Many music ensembles and performers have commissioned or performed Louis Babin’s works, including the Toronto Symphony Orchestra, the Montreal Chamber Orchestra, McGill Chamber Orchestra, Laval Symphony Orchestra, Eurochestries Festival (Europe), Orchestre symphonique des jeunes de Strasbourg, the Molinari Quartet, the American Festival of Microtonal Music (New York), and the French violinist Marie Cantagrill (France), to name a few.

Louis Babin is known for his modern, playful, accessible, and cinematographic works. He received a special mention from the World Music Competition IBLA Grand Prize (Italy) and was a finalist in the Canadian Music Centre Composer Competition – Quebecor.
To make life meaningful

We are all looking for meaning in our lives. This constant search is at the heart of what drives my creativity - immersing myself in images and symbols, working with them to give them significance.

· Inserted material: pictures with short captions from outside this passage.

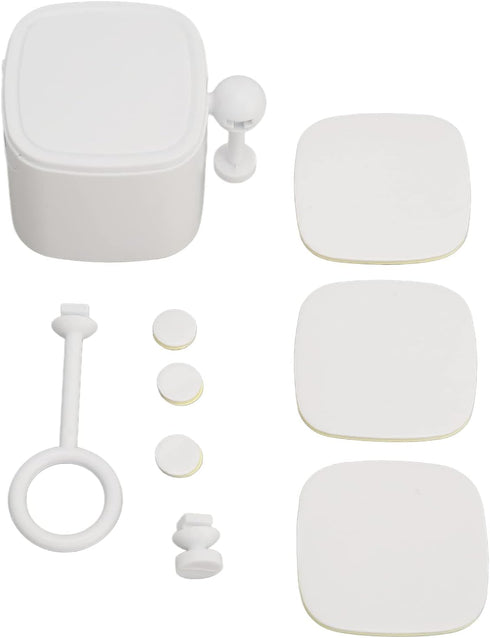 Rongm Smart Pusher Fingerbot: Bluetooth Remote Timing Voice Control for Garage Door, Light, Fan (White)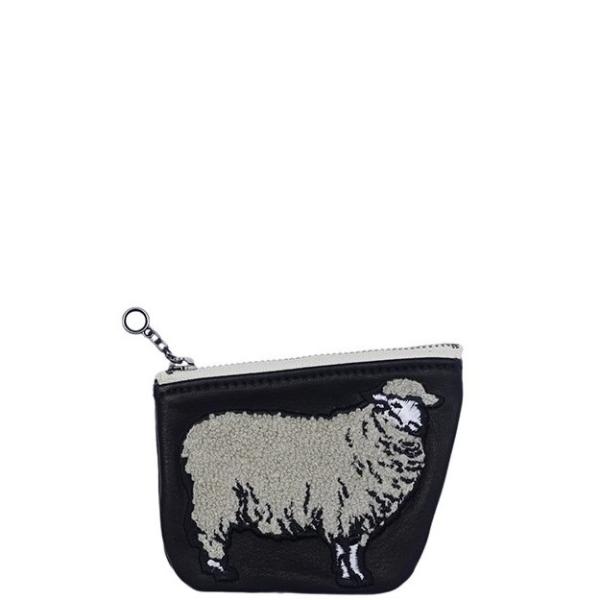 Riprap / COIN PURSE "SHEEP" BLACK リップラップ レザーコインパース...
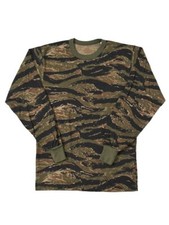 US Tiger Stripe Tshirt Army Camouflage Tigerstripe Shirt Langarm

For as long as I can remember, I’ve always wanted to reshape everything around me in my own way. As a child I would spend hours playing with pipe-cleaners, creating characters inspired by my television heroes, then inventing stories for them to act out.

At age nine my parents enrolled me in piano and trumpet lessons. How I loved to improvise on the black keys on the keyboard! The pentatonic scale produced exotic colours that made me dream. This was the prelude to my musical studies, when the alto, then the trumpet and composing lived inside me, body and soul, for years.

During my education I conducted my first musical experiments in theatre. In the role of composer I experienced a new relationship with the stage that had a profound influence on me. Merging music with a text, a scene and the interplay of actors afforded me the opportunity to create a special emotional link with an audience. But it was more than that; in the intrinsic beauty of sound I discovered the emotional power connecting music with characters, situations, places - connections felt in the deepest personal way by each individual member of the audience.

And then film! It was natural for me to follow this creative thread within the seventh art. Immersing myself in music for the cinema, it was as if a new world was opening to me with its technical language and tools: the computer, the sampler, the synchronizing of the music with the image. It was an exciting period, rich in discovery.

During those years of learning and creating I was primarily focused on my career as a trumpeter, working in all genres: classical, contemporary, jazz, pop, and the music of the cultural moment. I spent a good deal of time outside the country, enriching my palette of musical styles and colour. However, I felt something being born inside me, a desire spreading through me on an ever deeper level to finally be the master of my own stories. A critical moment of choosing arrived, as agonizing as it was liberating. I finally set aside my trumpet and devoted myself to composing and conducting.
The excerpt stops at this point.